THE GREAT CHALLENGE OF THE NEW CENTURY

In roughly the middle of our century, on August 6, 1945, the first


atomic bomb fell on Hiroshima. On this day of the year the Church
celebrates the Transfiguration of Christ. Hidden behind this event
lays the eternal problem of mankind: division or connection, distortion
or transformation.
At the end of the twentieth century, humanity welcomed our entry
into the year 2000 with celebrations. Hidden behind this event and
all its extravagance lays man's deep yearning to conquer time and
live eternally.
The vision of a person-centered society offered by the Church
constitutes a challenge to man's freedom. In these rather unimaginative
times, this vision may perhaps seem Utopian. But it has always been
the Utopias that have been responsible for creating spiritual
revolutions, since only they are capable of transforming life. Let us
not forget that twelve fishermen were able to disrupt Rome, the
greatest power in the world, because their moral code and their actions
undermined the foundations of Rome's ideology.

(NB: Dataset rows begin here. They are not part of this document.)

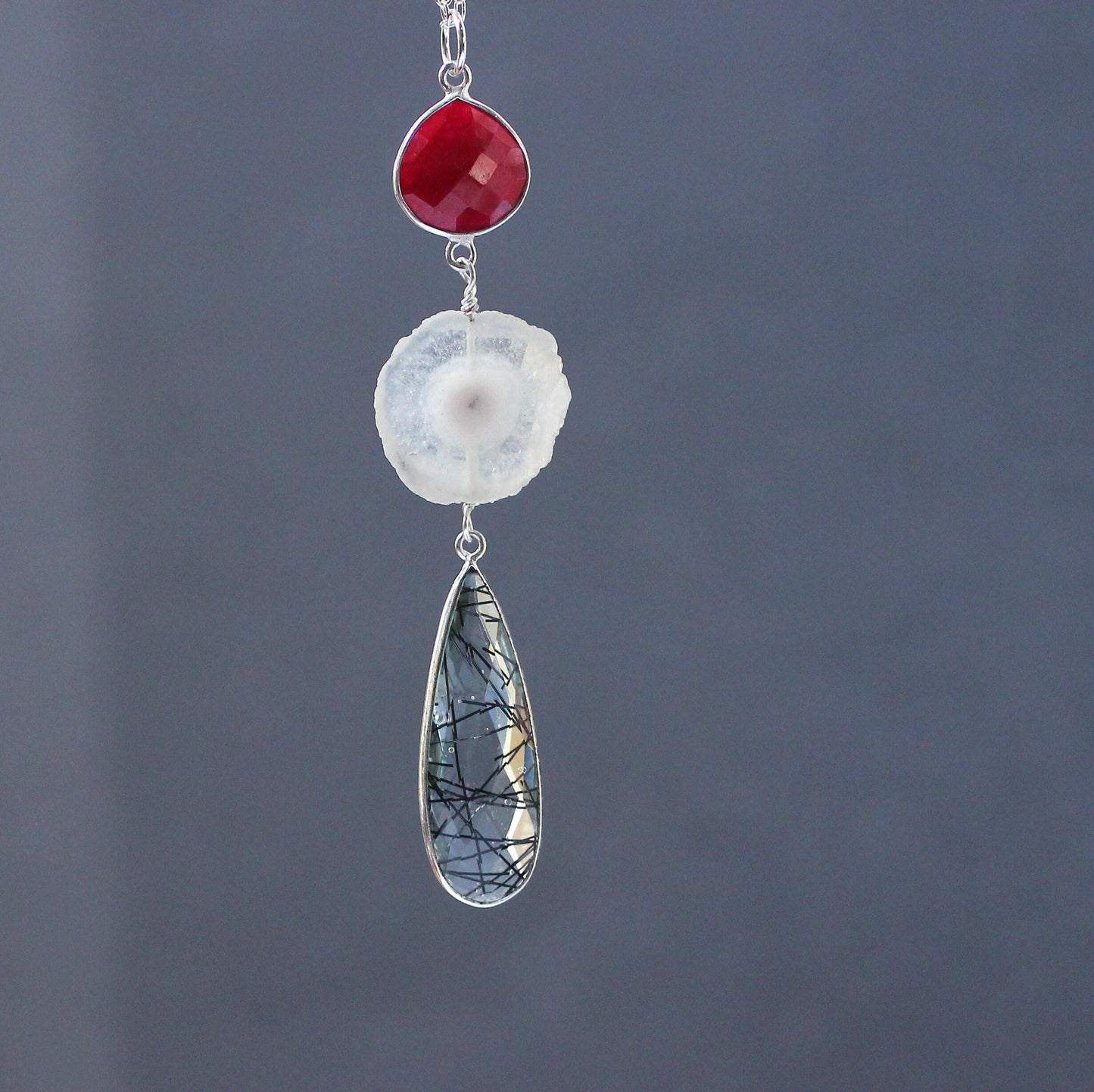 Long Quartz Teardrop Necklace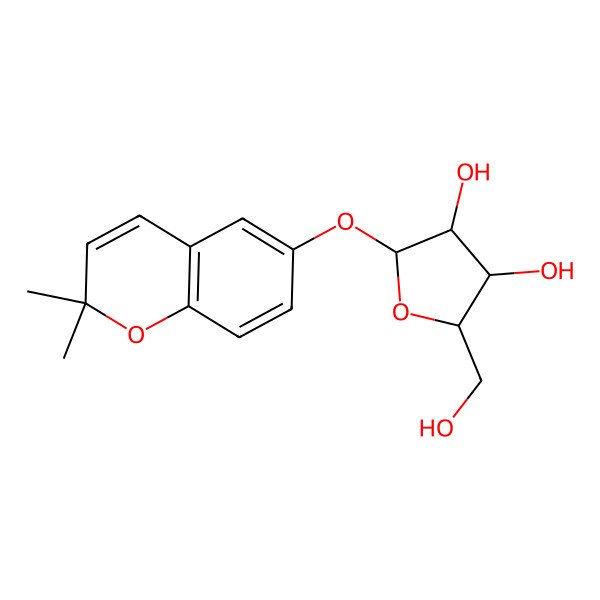 2D Structure of (2R,3S,4R,5S)-2-(2,2-dimethylchromen-6-yl)oxy-5-(hydroxymethyl)oxolane-3,4-diol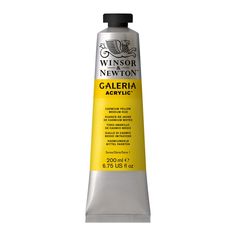 a tube of winston's yellow paint, with the words galeria acrylic on it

It is necessary for us, therefore, to make a transition: from being
numbers to true existence; from individualism to person-centeredness;
and from being merely informed to becoming civilized. In the end,
this all means a transition from necessity to freedom. This is the great
challenge of the third millennium.
As long as the Church does not degenerate into moralistic fatalism,
or become the mere remains of a folk tradition from the past, or sink
to the level of ethnic or racial ideology, it will be able to help us make
this transition. Otherwise, it will betray its mission, and in an era of
tremendous division and antagonism, instead of putting forward a
vision of life that is for all human beings, the Church will become
just another conventional institution full of meaningless squabbling
between unrelated enemies and unrelated friends.